ASSIGNMENT: An exact copy of the listing is required.

THE RECORDS:
###

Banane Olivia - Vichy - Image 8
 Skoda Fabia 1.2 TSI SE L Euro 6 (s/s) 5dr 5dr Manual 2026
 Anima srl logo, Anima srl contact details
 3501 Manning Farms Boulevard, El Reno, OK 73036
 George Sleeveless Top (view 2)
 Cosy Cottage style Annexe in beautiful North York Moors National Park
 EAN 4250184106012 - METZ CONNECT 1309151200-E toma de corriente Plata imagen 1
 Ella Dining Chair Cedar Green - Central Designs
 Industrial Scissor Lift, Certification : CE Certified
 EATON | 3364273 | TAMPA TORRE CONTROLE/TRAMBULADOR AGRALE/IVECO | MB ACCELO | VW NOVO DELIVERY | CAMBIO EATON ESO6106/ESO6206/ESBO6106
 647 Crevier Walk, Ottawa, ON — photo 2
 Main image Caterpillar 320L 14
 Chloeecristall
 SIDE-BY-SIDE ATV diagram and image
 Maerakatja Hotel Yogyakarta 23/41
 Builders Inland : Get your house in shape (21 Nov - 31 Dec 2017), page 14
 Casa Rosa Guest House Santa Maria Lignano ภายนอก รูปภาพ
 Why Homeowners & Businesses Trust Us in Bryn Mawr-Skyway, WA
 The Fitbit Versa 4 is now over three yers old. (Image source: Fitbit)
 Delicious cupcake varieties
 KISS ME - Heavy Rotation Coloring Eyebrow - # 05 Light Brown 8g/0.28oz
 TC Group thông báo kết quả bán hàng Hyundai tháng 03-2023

###

SOLUTION BELOW:
Banane Olivia - Vichy - Image 8
 Skoda Fabia 1.2 TSI SE L Euro 6 (s/s) 5dr 5dr Manual 2026
 Anima srl logo, Anima srl contact details
 3501 Manning Farms Boulevard, El Reno, OK 73036
 George Sleeveless Top (view 2)
 Cosy Cottage style Annexe in beautiful North York Moors National Park
 EAN 4250184106012 - METZ CONNECT 1309151200-E toma de corriente Plata imagen 1
 Ella Dining Chair Cedar Green - Central Designs
 Industrial Scissor Lift, Certification : CE Certified
 EATON | 3364273 | TAMPA TORRE CONTROLE/TRAMBULADOR AGRALE/IVECO | MB ACCELO | VW NOVO DELIVERY | CAMBIO EATON ESO6106/ESO6206/ESBO6106
 647 Crevier Walk, Ottawa, ON — photo 2
 Main image Caterpillar 320L 14
 Chloeecristall
 SIDE-BY-SIDE ATV diagram and image
 Maerakatja Hotel Yogyakarta 23/41
 Builders Inland : Get your house in shape (21 Nov - 31 Dec 2017), page 14
 Casa Rosa Guest House Santa Maria Lignano ภายนอก รูปภาพ
 Why Homeowners & Businesses Trust Us in Bryn Mawr-Skyway, WA
 The Fitbit Versa 4 is now over three yers old. (Image source: Fitbit)
 Delicious cupcake varieties
 KISS ME - Heavy Rotation Coloring Eyebrow - # 05 Light Brown 8g/0.28oz
 TC Group thông báo kết quả bán hàng Hyundai tháng 03-2023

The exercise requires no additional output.